Ist dieser Film „ein unheimliches Prosa-Gedicht über die Einsamkeit“? Ich habe ihn gestern in völliger Dunkelheit gesehen, auf grosser Leinwand, was dem Zugang und Erleben sicher nicht abträglich ist. Für Uschis psychoanalytisches Filmseminar wäre er wohl ein gefundenes Fressen. Safe Journey!

Peter Bradshaw vermerkt dazu, und das möge als Einstimmung genügen: „Der Film selbst fühlt sich an wie ein hartes, schrumpeliges, verwittertes Objekt, wie die, die man auf der Leinwand sieht. Lange Strecken vergehen völlig wortlos, mit Umgebungsgeräuschen von Meeresspritzern und Nahaufnahmen von Steinen oder Tassen oder dem Zifferblatt des alten Funkgeräts, mit dem der Kontakt zur Außenwelt aufrechterhalten wird. Enys Men ist in kräftigen, satten Farben gedreht und sieht aus, als wäre er in dem Jahr gedreht worden, in dem er spielt: 1973.“  (m.e.)

 

 

 

 

Ein Frau arbeitet isoliert auf einer einsamen Insel für den „Wildlife Trust“, beobachtet eine Blume beim Wachsen, führt darüber Protokoll, ist die meiste Zeit damit beschäftigt ihren widerspenstigen Generator zu starten, hört ihrem Transistorradio zu und liest abends im Bett „A Blueprint for Survival“. In ihrer Vereinsamung kommt es zu einer Lockerung der Realitätsschranke, zu beunruhigenden optischen und akustischen Wahrnehmungsphänomenen. Das ist soweit nicht neu, und viele Blüten des Horrorgenres oder der „Haunted-House-Filme“ arbeiten mit diesem Motiv; von inspiriert bis platt. Ein isolierter Mensch ist bestrebt eine objektlose Umwelt mit Objekten zu füllen, wie wir es aus Deprivationsexperimenten kennen: er betet, meditiert, denkt an seine Lieben und führt Gespräche mit ihnen, bei längerdauernder Isolierung entgleitet dieser Prozess der Steuerung, und die Innenwelt begegnet ihm im Aussen in freundlicher oder bedrohlicher Art. Eine Gelegenheit, die eigenen Gespenster zu begrüssen und sich neu kennenzulernen für die, die mutig genug sind und nicht alles im Aussen verortet wissen wollen wo es gut verstaut ist.

So weit, so gut!

Dieser Film ist nun aber – genau wie seine etwas rätselhaft bleibende Protagonistin – spröder und sperriger, die Umwelt und die Phänomene geheimnisvoller und nicht leicht deutbar, keine unerlösten Geister und Träger von bösen Geheimnissen, sondern eine Welt voller rätselhafter Zeichen und Hinweise ohne klaren Bezug zueinander, in der die Wissenschaftlerin herumirrt. Eine steinerne Skulptur auf dem Berg erinnert offenbar an verstorbene Kinder oder auch anderes.
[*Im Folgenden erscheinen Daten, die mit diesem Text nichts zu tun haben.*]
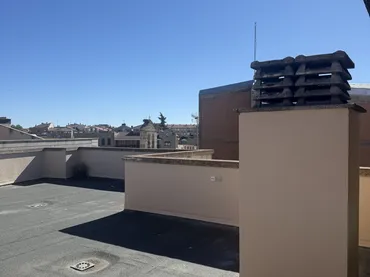 Piso en  Calle Salamanca 9 - Foto 17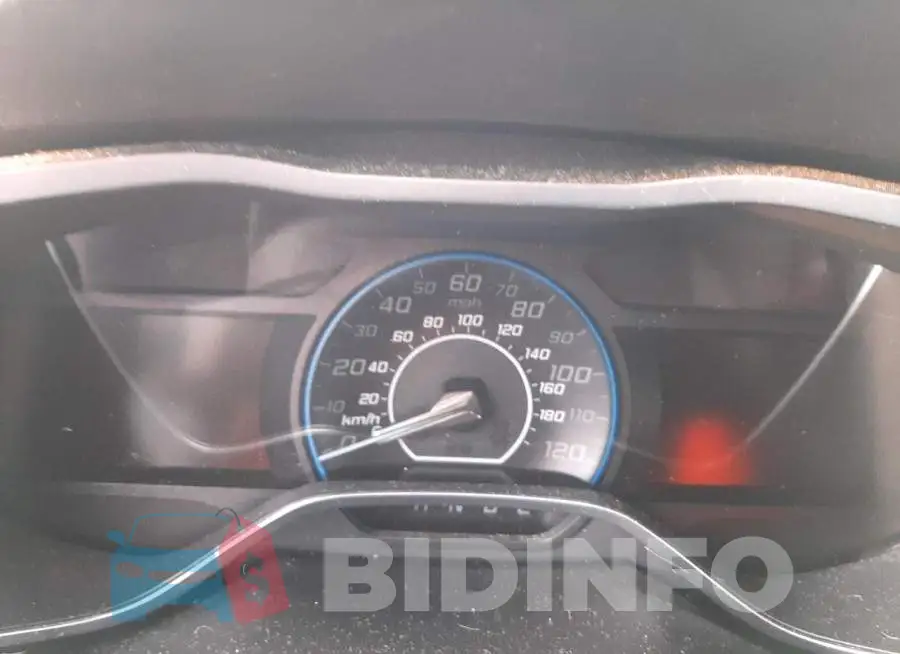 1FADP5BU8EL510473 Photo# 8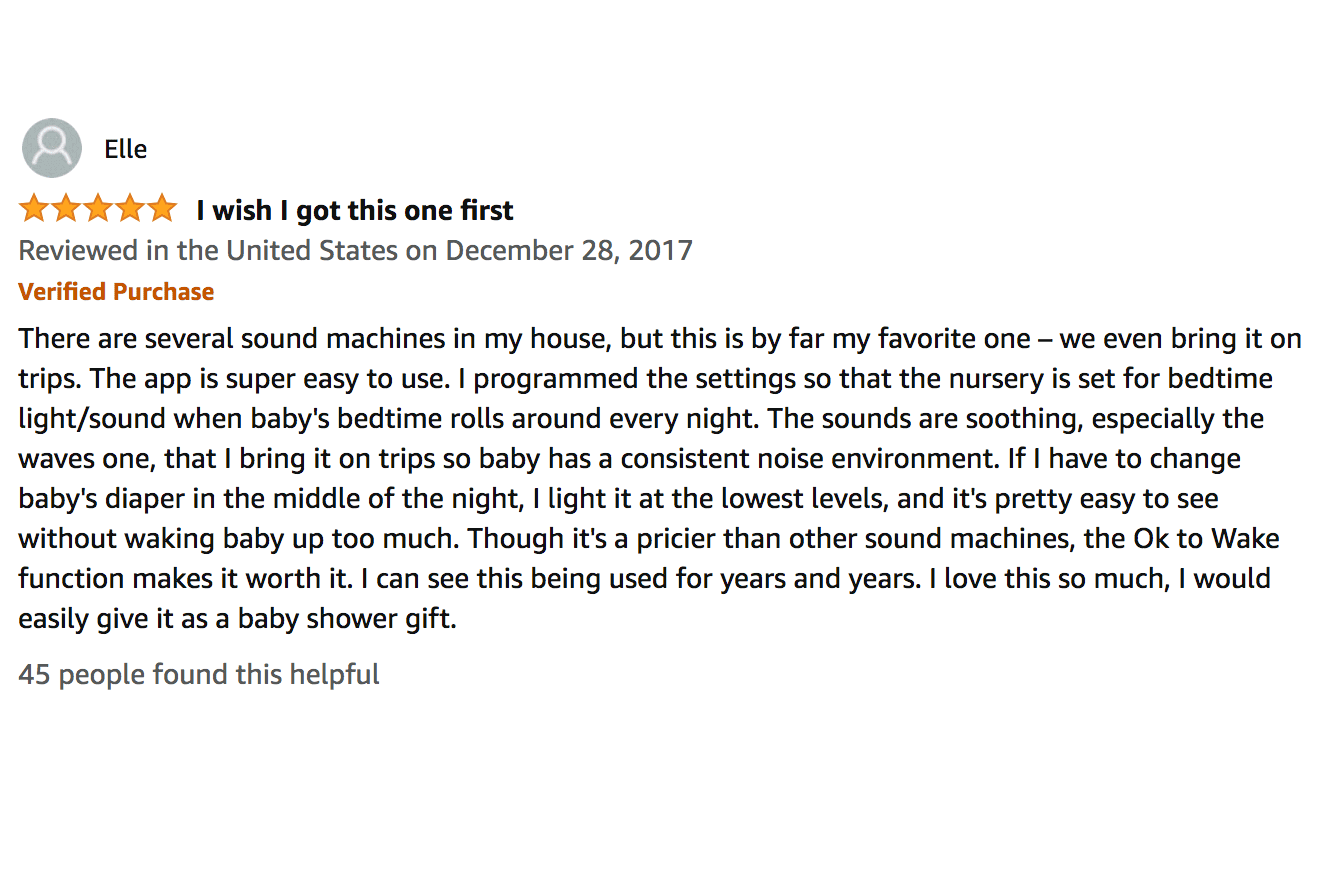 Hatch-rest-review.png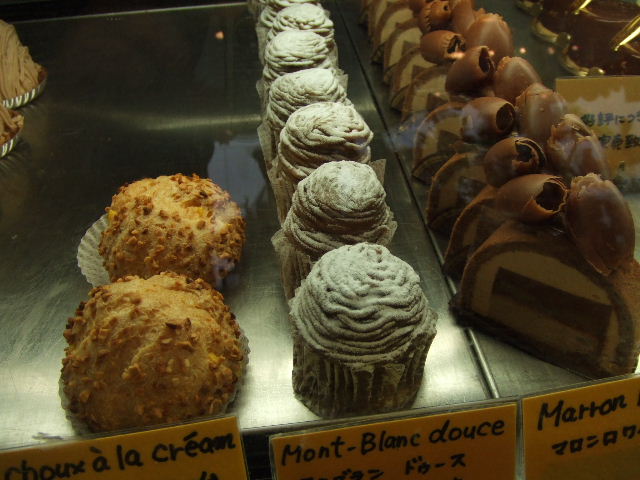 c0071545_9201556.jpg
Die Wissenschaftlerin selbst verhält sich desgleichen rätselhaft – nach jedem Gang zu ihren Blumen wirft sie einen weissen Stein in einen tiefen schwarzen Schacht und lauscht auf das Aufschlagen. In ihrem Protokoll steht lange Zeit „no change“, die Zeit scheint stillzustehen. Der Film bedient sich nicht eines platten Symbolismus, dessen Zeichen wir enträtseln könnten, sondern er belässt uns – und das ist seine Stärke – in einem Zustand der Sinn- und Zusammenhanglosigkeit.

Was bedeutet die oft eingesetzte Farbe Rot auf dem Hintergrund einer eher fahlen Natur? Warum ist der Anorak rot, der Generator, der Benzinkanister? Sie sorgen für Wärme, okay, aber warum dann die eingeblendeten roten Schnürsenkel? Was war mit den 7 Frauen, die herumgeistern? Dem Priester mit dem Baby, der für die Rettung eines Seemanns beten lässt? Man irrt umher, friert innerlich, und versteht nicht, ebenso wie die Frau auf der Leinwand.

Das Ganze erinnert an das Buch des Analytikers André Green über die „Tote Mutter“. Eine Mutter, die nicht tot ist sondern in einer schweren Depression verfangen, traumatisiert oder anderweitig in einer Situation, in der sie ihr Kind zwar versorgen, aber keinen emotionalen Rapport zu ihm herstellen, und seine Annäherungsversuche nicht beantworten kann. Diese Kinder erleben eine überwältigende Leere und Sinnlosigkeit, ein Auf-Sich-Zurückgeworfensein, nachdem sie sich vorher vergeblich damit erschöpft haben, die Mutter aufzumuntern und zu beleben.

Was macht es für einen Sinn, ein Bauklötzchen in den Raum zu werfen, wenn es niemand zurückbringt und ein fröhliches beziehungsstiftendes Spiel daraus entsteht oder ein beruhigendes Ritual? Und daraus Lebensfreude erwächst. Was macht das bei Kleinkindern so beliebte Gugu – dada – Spiel für einen Sinn, wenn niemand da ist, der die Angstspannung beim Verschwinden mitempfindet und die beidseitige Freude beim Wiedersehen?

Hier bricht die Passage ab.